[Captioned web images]
Start of Block
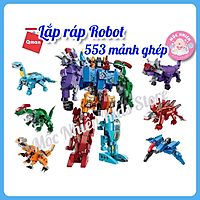 Đồ chơi lego lắp ráp xếp hình Qman 1414 - Siêu Robot khủng long (456 mảnh ghép) dành cho bé trên 6 tuổi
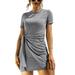 Womenâ€™s Summer Casual T Shirt Dress Crew Neck Ruched Stretchy Sundress Bodycon Short Mini Dress T Shirt Dresses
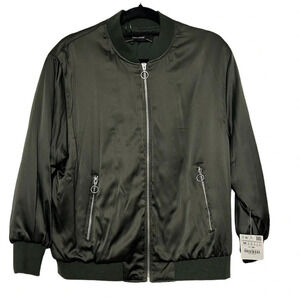 Zara Basic Collection Women Bomber Jacket Dark Green Size Medium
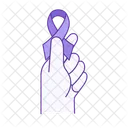 Hand Ribbon Cancer Icon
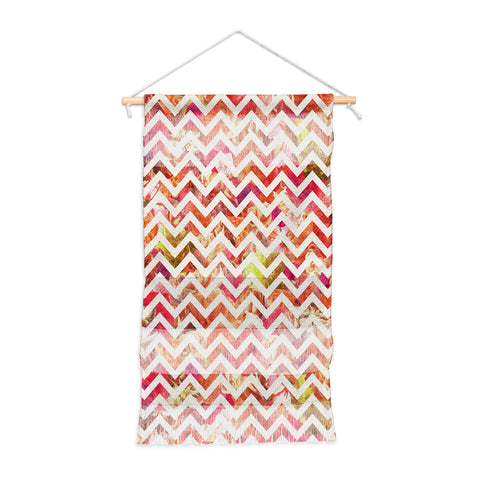 Bianca Green Floral Chevron Pink Wall Hanging Portrait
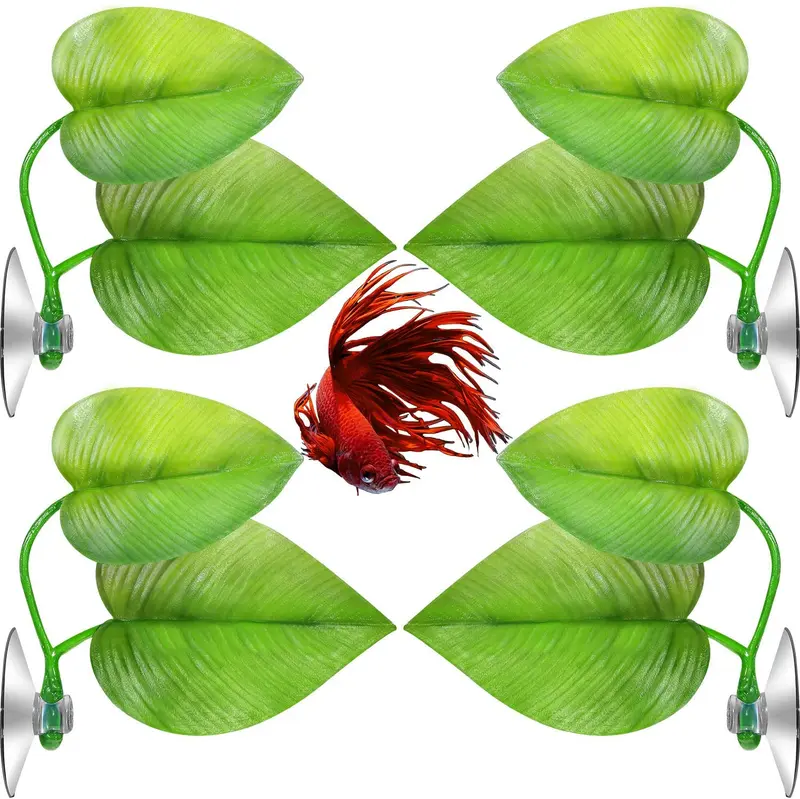 4 piezas Betta Bed Leaf Hamaca para Betta Fish, ligero y realista Resting Spot, sin BPA, práctico, cómodo y seguro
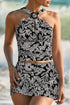 Abstract Print Buckle Crossed Strap Skirted Tankini Swimsuit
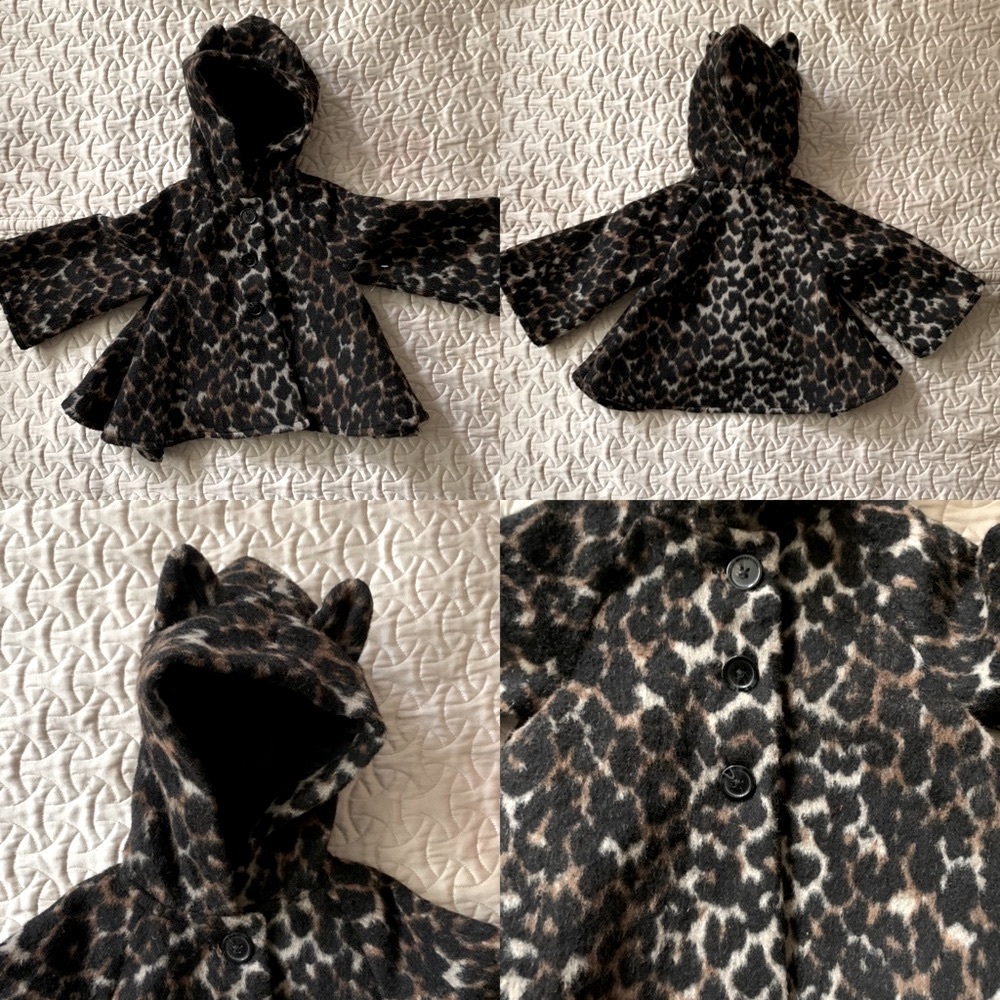 🤎🖤Adorable Leopard Pea coat - NWOT🖤🤎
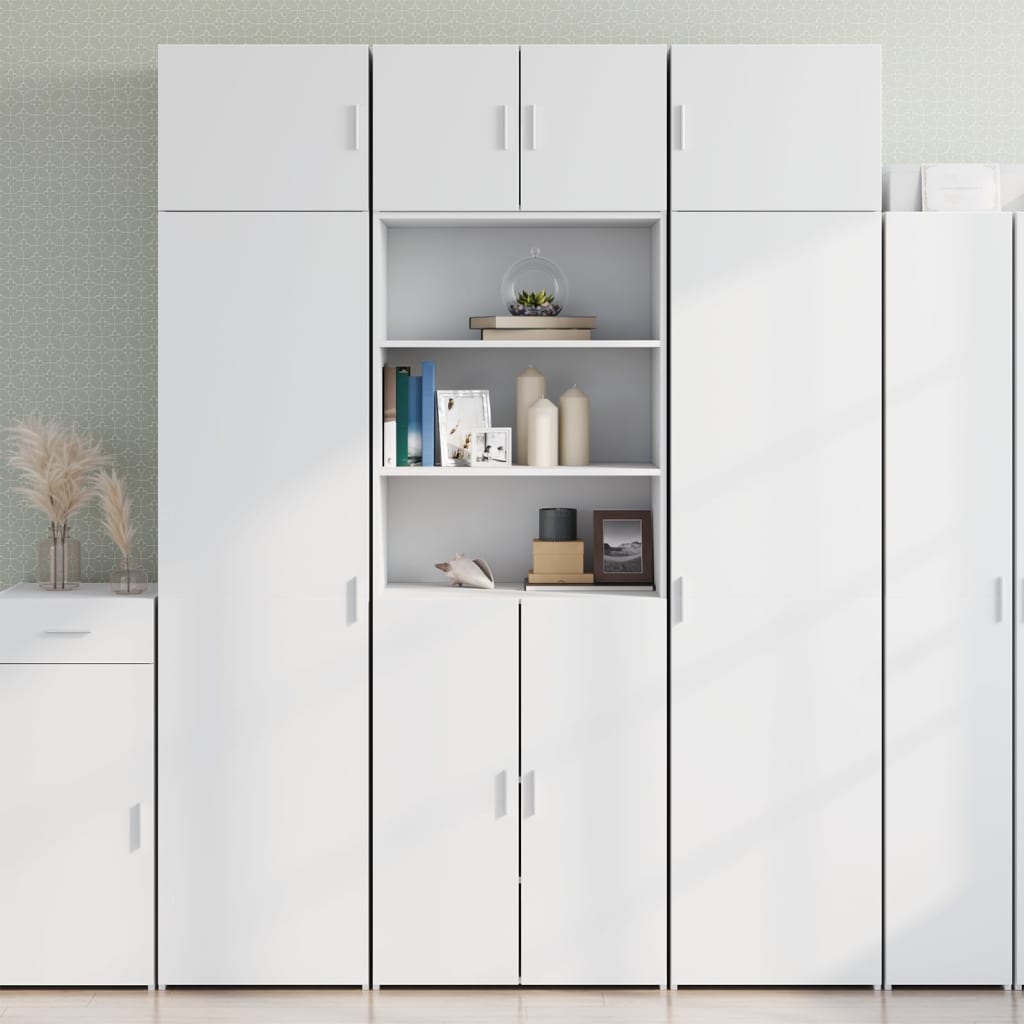 vidaXL Ραφιέρα με Ντουλάπια Λευκή 70x42,5x225 εκ. Επεξεργασμένο Ξύλο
End of Block
◆ **Assignment**:
Reproduce the data above line for line, from its first line through the line containing "4 piezas Betta", both ends included, with the pictures omitted and nothing more.

◆ **Answer to the problem**:
 Đồ chơi lego lắp ráp xếp hình Qman 1414 - Siêu Robot khủng long (456 mảnh ghép) dành cho bé trên 6 tuổi
 Womenâ€™s Summer Casual T Shirt Dress Crew Neck Ruched Stretchy Sundress Bodycon Short Mini Dress T Shirt Dresses
 Zara Basic Collection Women Bomber Jacket Dark Green Size Medium
 Hand Ribbon Cancer Icon
 Bianca Green Floral Chevron Pink Wall Hanging Portrait
 4 piezas Betta Bed Leaf Hamaca para Betta Fish, ligero y realista Resting Spot, sin BPA, práctico, cómodo y seguro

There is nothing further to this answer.